▶ **Task to complete**
Return the line that contains "Yellow to purple" plus every line after it to the end of the entries below, exactly as given, and stop there.
=== Dataset entries ===
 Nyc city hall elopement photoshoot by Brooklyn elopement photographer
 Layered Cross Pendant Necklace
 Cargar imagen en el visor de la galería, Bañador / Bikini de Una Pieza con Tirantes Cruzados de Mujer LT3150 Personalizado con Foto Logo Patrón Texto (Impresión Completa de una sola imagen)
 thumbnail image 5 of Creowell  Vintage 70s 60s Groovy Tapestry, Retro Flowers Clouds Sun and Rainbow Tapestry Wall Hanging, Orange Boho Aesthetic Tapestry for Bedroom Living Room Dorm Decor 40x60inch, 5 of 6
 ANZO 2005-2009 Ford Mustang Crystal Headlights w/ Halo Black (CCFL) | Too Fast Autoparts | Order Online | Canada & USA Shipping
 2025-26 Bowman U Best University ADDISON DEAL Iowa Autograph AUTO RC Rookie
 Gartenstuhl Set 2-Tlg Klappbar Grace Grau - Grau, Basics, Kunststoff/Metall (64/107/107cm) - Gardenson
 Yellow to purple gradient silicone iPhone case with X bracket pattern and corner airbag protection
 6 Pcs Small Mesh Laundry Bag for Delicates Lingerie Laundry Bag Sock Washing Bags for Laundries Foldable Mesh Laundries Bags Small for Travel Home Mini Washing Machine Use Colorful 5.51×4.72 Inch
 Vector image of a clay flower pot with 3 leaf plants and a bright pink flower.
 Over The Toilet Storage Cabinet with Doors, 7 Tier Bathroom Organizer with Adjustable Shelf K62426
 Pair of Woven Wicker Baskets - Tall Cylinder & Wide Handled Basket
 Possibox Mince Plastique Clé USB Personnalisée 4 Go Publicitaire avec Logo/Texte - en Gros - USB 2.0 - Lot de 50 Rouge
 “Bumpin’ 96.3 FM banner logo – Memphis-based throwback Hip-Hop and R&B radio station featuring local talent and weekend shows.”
===
▶ **Problem solution**
 Yellow to purple gradient silicone iPhone case with X bracket pattern and corner airbag protection
 6 Pcs Small Mesh Laundry Bag for Delicates Lingerie Laundry Bag Sock Washing Bags for Laundries Foldable Mesh Laundries Bags Small for Travel Home Mini Washing Machine Use Colorful 5.51×4.72 Inch
 Vector image of a clay flower pot with 3 leaf plants and a bright pink flower.
 Over The Toilet Storage Cabinet with Doors, 7 Tier Bathroom Organizer with Adjustable Shelf K62426
 Pair of Woven Wicker Baskets - Tall Cylinder & Wide Handled Basket
 Possibox Mince Plastique Clé USB Personnalisée 4 Go Publicitaire avec Logo/Texte - en Gros - USB 2.0 - Lot de 50 Rouge
 “Bumpin’ 96.3 FM banner logo – Memphis-based throwback Hip-Hop and R&B radio station featuring local talent and weekend shows.”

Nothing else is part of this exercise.